I have Nikon and Canon codec installed in windows 10 so I can open images directly. I also have lightroom for comparing images. When I open the same image shot on Nikon D3400 and Canon 200D on auto white balance and in RAW then the white balance is not same. I keep the lighting the same and shoot the same subject and also shoot RAW NOT JPEG. But I find that Nikon raw files have slight yellow/greenish tint. While Canon raw files have neutral color. So I think different camera brands process color differently in sensor level. Please share your opinion about this issue.
There are several possible things going on here.
1) You're probably looking at the JPEG preview
Most image view programs that can show RAW files but are not meant for processing them show the embedded JPEG preview.

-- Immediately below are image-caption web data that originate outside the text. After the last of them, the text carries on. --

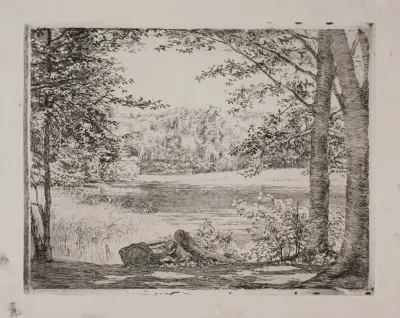 A Forest Lake Near Hellebaek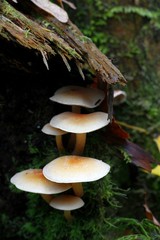 Fototapeta premium Conifer tuft mushroom, Hypholoma capnoides, wild edible mushroom from Finland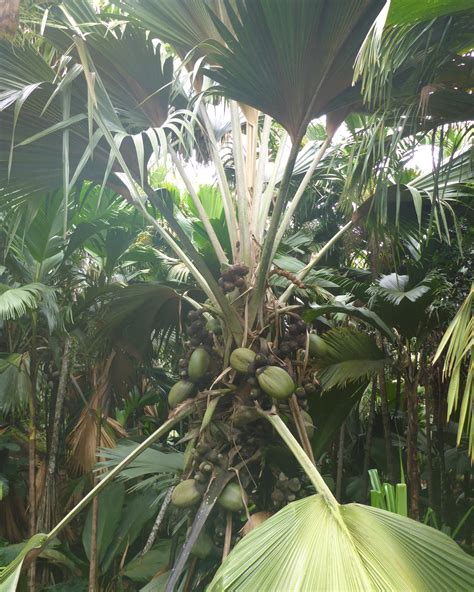 Double coconut: The largest seed in the world | Kew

The camera creates this using its internal JPEG engine and stores it along with other data in the RAW file.
Showing this is a lot less effort and generally more useful than showing an opinionated default rendering of the raw file. (Remember, a RAW file doesn't have just one valid interpretation. See What does an unprocessed RAW file look like?).
But, if that's not it, also consider:
2) You can't shoot the same image on different cameras
The processing isn't the only thing that's different. The sensor itself is, as is the filter stack over the sensor (including the color filter array). And you probably didn't use the same lens. Even similar lenses transmit light slightly differently.
3) There could be differences in the scene itself
And if you took the exact same image at the same time, the cameras weren't in the same place; or, if they were in the same place, the images weren't taken at the same time. This could be particularly a big deal if you are shooting under fluorescent lights (including LEDs) and are using a fast shutter speed.
4) There are two ways you could be doing auto white-balance even with RAW files.
One could be to use your RAW converter's algorithm, which might produce different results simply due to the differences above. But it's also possible that the RAW converter is using the "as shot" white balance, read from metadata in the image (and the same as the camera's JPEG rendering).